On May 26, it has been reported by Asian financial news outlet Aju Business Daily that LG CNS — LG’s IT services subsidiary, signed a memorandum of understanding with Evernym, as the collaboration between the two firms aims to develop international digital identity standards at the World Wide Web Consortium.
However, to establish the new standard, the two firms decided to jointly develop a blockchain-based decentralized authentication system to replace international driver’s licenses and passports.
Evernym already launched Sovrin, a platform aiming to enable organizations and governments to issue, verify, and manage digital credentials such as digital passports.

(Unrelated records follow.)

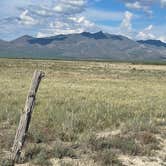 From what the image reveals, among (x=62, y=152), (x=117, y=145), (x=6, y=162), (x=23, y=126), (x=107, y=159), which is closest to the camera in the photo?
(x=6, y=162)

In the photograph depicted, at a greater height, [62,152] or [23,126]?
[23,126]

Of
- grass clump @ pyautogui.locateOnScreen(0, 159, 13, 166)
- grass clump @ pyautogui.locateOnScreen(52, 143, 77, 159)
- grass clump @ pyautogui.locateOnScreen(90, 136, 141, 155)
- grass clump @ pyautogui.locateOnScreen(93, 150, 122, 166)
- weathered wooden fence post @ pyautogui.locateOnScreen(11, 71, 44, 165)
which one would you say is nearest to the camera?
grass clump @ pyautogui.locateOnScreen(0, 159, 13, 166)

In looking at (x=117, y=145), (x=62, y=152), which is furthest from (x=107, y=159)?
(x=117, y=145)

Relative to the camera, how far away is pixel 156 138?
39.7ft

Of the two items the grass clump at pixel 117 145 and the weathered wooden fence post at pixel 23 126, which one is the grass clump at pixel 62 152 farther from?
the weathered wooden fence post at pixel 23 126

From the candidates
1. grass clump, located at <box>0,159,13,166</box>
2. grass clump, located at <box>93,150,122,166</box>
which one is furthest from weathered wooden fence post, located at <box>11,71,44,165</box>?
grass clump, located at <box>93,150,122,166</box>

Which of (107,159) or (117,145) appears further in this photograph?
(117,145)

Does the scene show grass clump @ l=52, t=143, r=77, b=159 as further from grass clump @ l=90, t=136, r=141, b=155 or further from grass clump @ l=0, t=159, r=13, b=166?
grass clump @ l=0, t=159, r=13, b=166

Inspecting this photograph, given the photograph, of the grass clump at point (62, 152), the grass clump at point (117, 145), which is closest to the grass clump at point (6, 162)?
the grass clump at point (62, 152)

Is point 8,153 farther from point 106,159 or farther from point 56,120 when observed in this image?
point 56,120

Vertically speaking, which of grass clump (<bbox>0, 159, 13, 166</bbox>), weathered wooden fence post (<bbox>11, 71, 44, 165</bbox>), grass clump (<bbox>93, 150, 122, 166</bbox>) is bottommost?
grass clump (<bbox>93, 150, 122, 166</bbox>)

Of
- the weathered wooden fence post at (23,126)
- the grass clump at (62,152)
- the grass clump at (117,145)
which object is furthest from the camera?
the grass clump at (117,145)

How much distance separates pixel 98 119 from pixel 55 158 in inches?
204

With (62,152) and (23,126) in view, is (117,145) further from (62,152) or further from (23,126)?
(23,126) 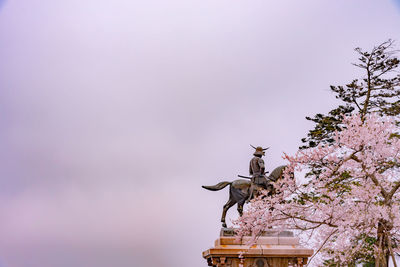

.@evernym has partnered with LG CNS for #digitalidentity Quite a big deal – Korea has an eye watering number of identity initiatives, and LG participates in some South Korea may be the most active country And Evernym is no slouch eitherhttps://t.co/ZZjPgIXxwK — Ledger Insights (@LedgerInsights) May 26, 2020
As it has been reported in September 2019, Evernym scored a $2 million investment from Overstock’s venture capital arm Medici Ventures.
At the time, Jonathan Johnson, the CEO of Overstock, said:
“Evernym’s platform allows every person, organization, and connected thing to have an independent identity.”
Likewise, Gabriel Kurman, the head of strategy at RIF, a Bitcoin-based solution that develops its own identity management system, said that he sees such a standard could bring great benefits to personal data security.
LG collaborates with a blockchain ID company to create new identity standards for the internet https://t.co/R4H0TIkL9N — Cointelegraph (@Cointelegraph) May 26, 2020
While he has high hopes for this system, he also highlighted the importance that such solutions be open source by saying:
“I hope that this standard will help future generations to recover the right to privacy over their digital interactions that our generation lost in the past 15 years. Also to make access to ID easier for vulnerable communities. On the other hand, I wouldn’t really like to see this tool used for mass surveillance by tech companies and governments disguised by well-intentioned standards. For that to be avoided, open-source technology is needed as well as public blockchains.”